Look for me, I'll be the one with a helmet on 


// if you've never done it, HEADS UP for the first few miles. Lots of newbs not paying attention, causing wreck after wreck...

//and bring lots of hard candy to throw to the local kids


----------



## mmbtv (May 9, 2007)

IN with 2 others. It's not the free for all like some people say it is. Just crowded the first 5-10 miles like bigger charity rides.


----------



## J.D. (Jun 9, 2007)

I will be there, 3rd time. It is a blast. were staying at the Rosarito Beach Motel and should be there aroung 4PM. Driving from Tucson, AZ


----------



## vpkb (Jul 30, 2007)

Did the ride yesterday, this is my first long distance ride. It was fun!
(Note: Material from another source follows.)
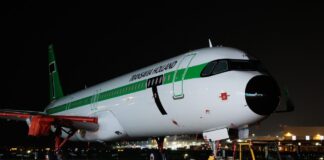 Airbus A321neo в ретро-ливрее Transavia на заводе в Гамбурге до установки двигателей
I only had about 26 miles of training beforehand so I'm very proud of myself completing the different climbs without stopping to walk.


----------



## Hollywood (Jan 16, 2003)

vpkb said:


> Did the ride yesterday, this is my first long distance ride. It was fun! I only had about 26 miles of training beforehand so I'm very proud of myself completing the different climbs without stopping to walk.


congrats!! SO many people walk up the big hill. I don't get it. Even mtn bikes with 27 speeds. 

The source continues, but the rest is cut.